Ann Loraine, Ph.D. is Professor of Bioinformatics and Genomics in the College of Computing and Informatics at the University of North Carolina at Charlotte.
Dr. Loraine earned her Ph.D. degree in Molecular and Cell Biology in 1996 and did postdoctoral work in bioinformatics at the Berkeley Drosophila Genome Project. Following her postdoc, she joined a bioinformatics company called Neomorphic that was later purchased by Affymetrix, a microarray company.
In 2004, she returned to academia to start a research program with two goals: (1) build and support visualization software for genomics, and (2) understand how alternative splicing affects gene function.
Autobiography (first person biography, and longer)
My home town is Austin, Texas. I attended high school at SF Austin High School and spent my senior year at Chiswick Community School in London. After winning a Dedman Merit Scholarship, I returned to Austin to attend the University of Texas at Austin, where I majored in zoology and Plan II, an honors liberal arts program.
After college I moved to the San Francisco Bay Area to attend graduate school at UC Berkeley, where I did research in plant biology with Prof. Wilhelm Gruissem. In my spare time, I enjoyed organizing techno music parties with friends.
In 1996, I graduated with a Ph.D. degree in Molecular and Cell Biology. Around then, I became fascinated with using computers to do biology research. Instead of doing a traditional postdoc, I took time out from research to learn programming. I also worked part-time for the DNA Files, public radio documentaries on genetics, and as a personal care assistant for disability justice activist Patty Berne.
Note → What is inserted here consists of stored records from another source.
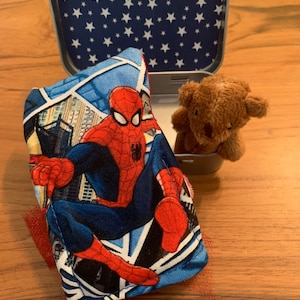 May include: A blue and red fabric pouch with a Spiderman image, a brown teddy bear, and a blue tin with white stars.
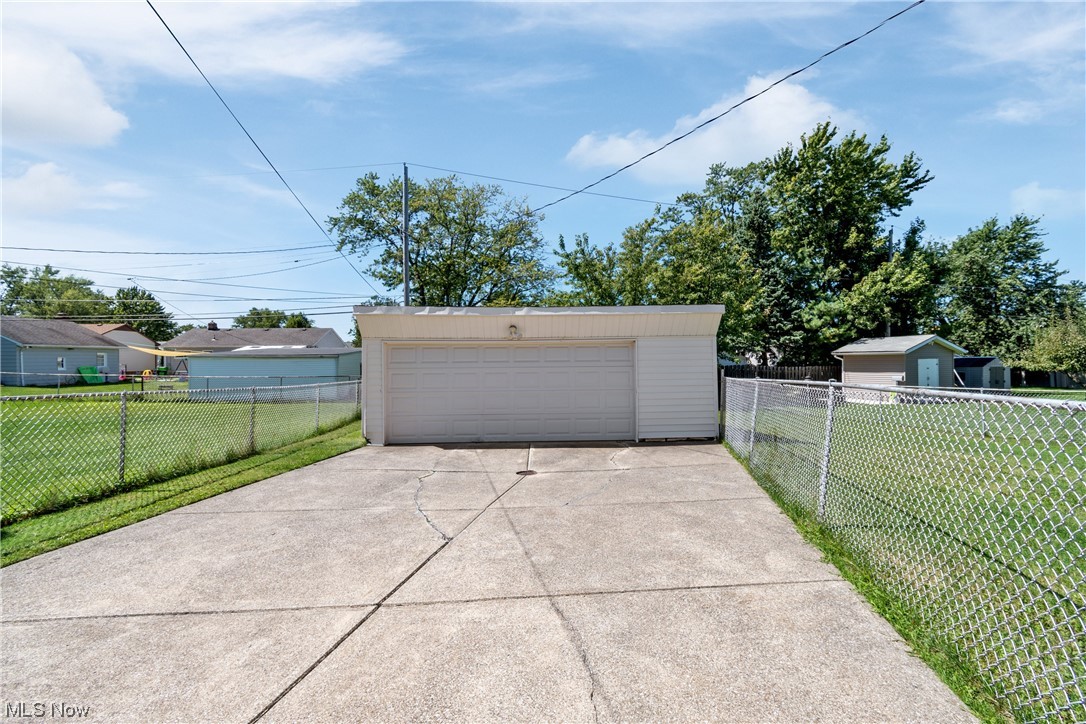 1722 Chelmsford Road Cleveland, OH 44124 - Photo 28 of 34 Garage featuring garage and a lawn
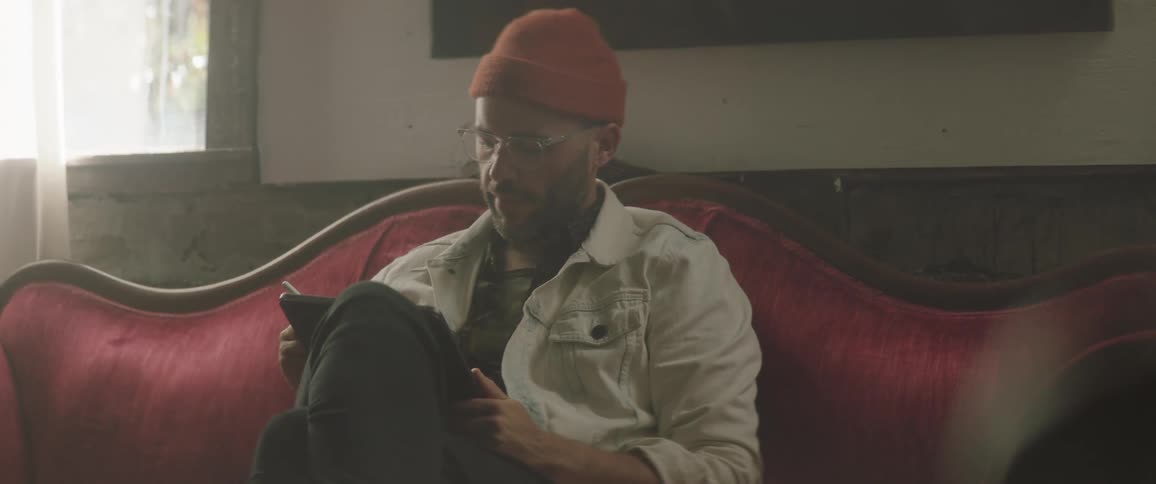 Man wearing glasses and a toque sits on a red sofa and uses a stylus on a tablet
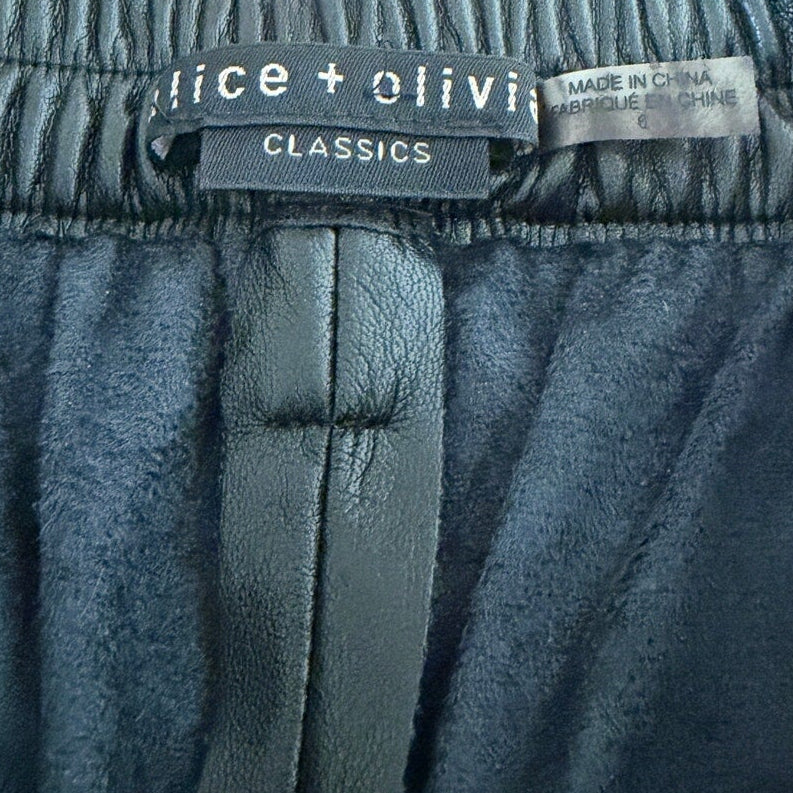 Close-up of a blue garment with a visible brand label on a white background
In 1997 I joined the Berkeley Drosophila Genome Project, where I wrote visualization applets (in Java) for the project Web site. In 1999, I joined Neomorphic, a bioinformatics software company started by BDGP alumni. At Neomorphic, I helped write Annotation Station, a visualization and curation tool researchers at TIGR (now JCVI) used to annotate the first version of the Arabidopsis genome. (I wrote the Gene Editor part.)
When Affymetrix bought Neomorphic in 2001, I re-joined the new company as a Bioinformatics Scientist. At Affymetrix, I contributed to articles on probe set annotation (NetAffx), alternative splicing, and genome data visualization.
In 2004, I returned to academia as an assistant professor in Biostatistics and Genetics at the University of Alabama at Birmingham. At UAB, I did research and taught in the Section on Statistical Genetics. In 2008, I moved UNC Charlotte to join the newly formed Dept. of Bioinformatics and Genomics.